The ASCOR project has updated its assessment framework, introducing climate spending indicators to aid investors in evaluating climate risks.
Antonina Scheer, Research Project Manager at TPI, highlighted the major enhancement in the framework’s Pillar 3, now called ‘climate finance’ instead of ‘opportunities to finance the transition.’ This revision broadens the scope to include aspects like international finance contributions and renewable energy opportunities, besides the earlier focus on historical emissions trends, climate policies, and financing needs for climate goals.
A novel addition under ‘climate finance’ is the focus on government climate action-related spending disclosure and climate budget tagging, drawing upon World Bank reports and other literature. This inclusion aims to fill a gap in the previous framework, providing vital information to investors about how nations manage climate risks.

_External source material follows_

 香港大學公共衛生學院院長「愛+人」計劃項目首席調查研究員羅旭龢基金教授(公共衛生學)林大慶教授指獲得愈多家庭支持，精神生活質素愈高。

During a public consultation, ASCOR refined the tool to avoid complexity and ensure its practicality. The feedback led to the rationalisation of indicators, ensuring fairness, especially for middle and low-income countries. The updated framework now features 13 sub-categories with 39 indicators, down from the initial 19 sub-categories and 55 indicators. These indicators are based on detailed policy analysis, and the tool, set for release in early December, will include source links for each indicator.

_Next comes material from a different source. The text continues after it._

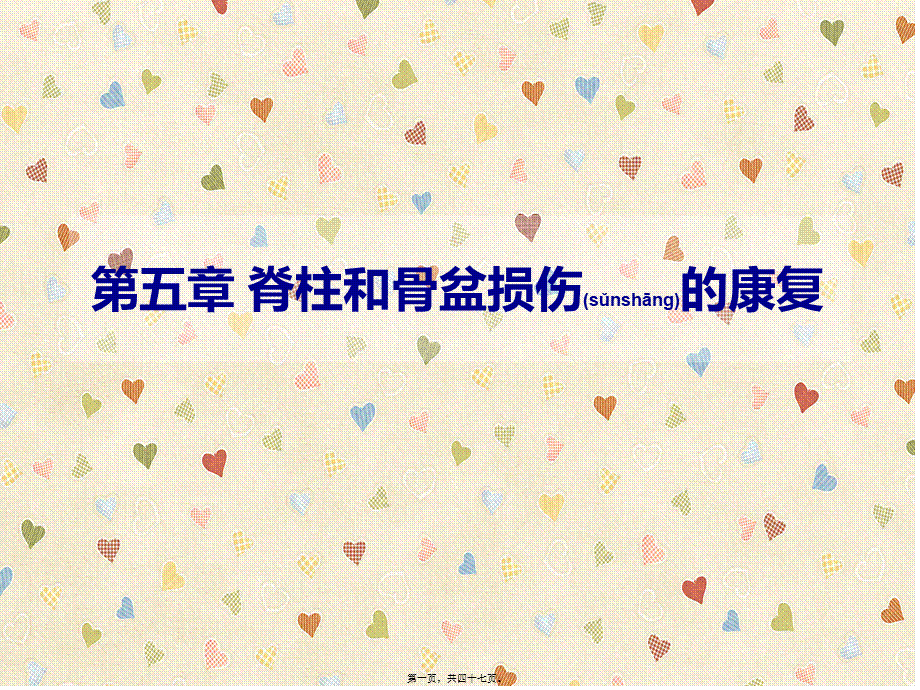 2022年医学专题—脊柱和骨盆烧伤康复损伤(1).ppt_第1页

Finally, the framework’s methodology publication will be followed by the release of assessments for 25 countries, which include major emitters like the UK, Australia, Bangladesh, and Japan. From 2024, ASCOR plans to expand its assessments to over 100 countries included in major sovereign bond indices.
Antonina Scheer, Research Project Manager at TPI Centre, said, “This was an area missing from the previous framework and required in-depth research to develop an appropriate methodology, drawing on World Bank reports and other literature on climate budget tagging practices.”